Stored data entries
▼▼▼
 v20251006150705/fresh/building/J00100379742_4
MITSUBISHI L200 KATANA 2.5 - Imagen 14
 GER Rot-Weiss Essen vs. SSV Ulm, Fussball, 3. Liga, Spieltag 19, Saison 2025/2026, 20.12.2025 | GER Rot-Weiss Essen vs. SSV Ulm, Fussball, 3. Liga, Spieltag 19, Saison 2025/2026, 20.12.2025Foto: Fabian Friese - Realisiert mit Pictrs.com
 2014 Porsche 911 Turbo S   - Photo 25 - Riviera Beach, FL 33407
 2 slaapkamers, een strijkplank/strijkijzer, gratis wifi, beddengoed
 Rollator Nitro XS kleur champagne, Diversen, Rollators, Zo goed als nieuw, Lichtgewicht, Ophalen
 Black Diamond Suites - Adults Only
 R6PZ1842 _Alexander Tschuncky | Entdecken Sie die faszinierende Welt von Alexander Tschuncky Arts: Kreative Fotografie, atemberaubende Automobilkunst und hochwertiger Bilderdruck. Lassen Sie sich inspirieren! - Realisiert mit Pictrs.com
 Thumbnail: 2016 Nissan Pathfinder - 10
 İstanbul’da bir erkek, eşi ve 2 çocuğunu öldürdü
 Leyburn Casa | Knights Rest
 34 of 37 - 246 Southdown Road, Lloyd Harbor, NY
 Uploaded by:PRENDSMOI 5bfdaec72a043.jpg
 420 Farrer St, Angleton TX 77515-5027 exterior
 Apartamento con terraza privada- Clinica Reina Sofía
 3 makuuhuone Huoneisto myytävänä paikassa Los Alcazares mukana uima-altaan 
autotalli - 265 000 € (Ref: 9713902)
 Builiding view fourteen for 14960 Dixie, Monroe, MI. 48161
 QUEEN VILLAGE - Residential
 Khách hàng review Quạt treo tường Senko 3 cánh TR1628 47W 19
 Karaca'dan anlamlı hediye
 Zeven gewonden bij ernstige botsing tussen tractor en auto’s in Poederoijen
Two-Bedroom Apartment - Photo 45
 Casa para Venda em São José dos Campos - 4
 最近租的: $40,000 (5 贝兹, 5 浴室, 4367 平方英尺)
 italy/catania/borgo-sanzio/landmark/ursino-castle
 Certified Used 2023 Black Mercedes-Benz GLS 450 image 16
▲▲▲
▸ YOUR GOAL
The lines to reproduce run from the one that contains "Uploaded by:PRENDSMOI 5bfdaec72a043.jpg" through the last line above; copy them exactly.

▸ SOLUTION
 Uploaded by:PRENDSMOI 5bfdaec72a043.jpg
 420 Farrer St, Angleton TX 77515-5027 exterior
 Apartamento con terraza privada- Clinica Reina Sofía
 3 makuuhuone Huoneisto myytävänä paikassa Los Alcazares mukana uima-altaan 
autotalli - 265 000 € (Ref: 9713902)
 Builiding view fourteen for 14960 Dixie, Monroe, MI. 48161
 QUEEN VILLAGE - Residential
 Khách hàng review Quạt treo tường Senko 3 cánh TR1628 47W 19
 Karaca'dan anlamlı hediye
 Zeven gewonden bij ernstige botsing tussen tractor en auto’s in Poederoijen
Two-Bedroom Apartment - Photo 45
 Casa para Venda em São José dos Campos - 4
 最近租的: $40,000 (5 贝兹, 5 浴室, 4367 平方英尺)
 italy/catania/borgo-sanzio/landmark/ursino-castle
 Certified Used 2023 Black Mercedes-Benz GLS 450 image 16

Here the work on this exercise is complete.